> Brief: Return only the number of lines in the entries below that hold the word "Turkey".

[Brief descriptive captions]
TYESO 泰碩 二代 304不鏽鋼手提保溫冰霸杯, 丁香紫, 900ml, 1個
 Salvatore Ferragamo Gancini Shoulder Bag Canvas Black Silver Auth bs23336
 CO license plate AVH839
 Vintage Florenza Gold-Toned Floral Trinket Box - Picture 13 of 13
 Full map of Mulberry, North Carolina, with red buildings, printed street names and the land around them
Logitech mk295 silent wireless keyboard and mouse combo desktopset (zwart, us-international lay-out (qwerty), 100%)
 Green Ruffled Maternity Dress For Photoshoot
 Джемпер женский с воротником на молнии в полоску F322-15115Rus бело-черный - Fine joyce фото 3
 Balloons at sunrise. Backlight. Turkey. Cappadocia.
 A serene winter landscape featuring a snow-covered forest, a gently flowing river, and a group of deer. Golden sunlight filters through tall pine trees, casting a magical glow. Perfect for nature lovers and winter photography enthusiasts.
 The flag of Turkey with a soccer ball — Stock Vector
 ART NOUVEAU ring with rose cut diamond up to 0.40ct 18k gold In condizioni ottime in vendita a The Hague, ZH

> Exercise answer: 2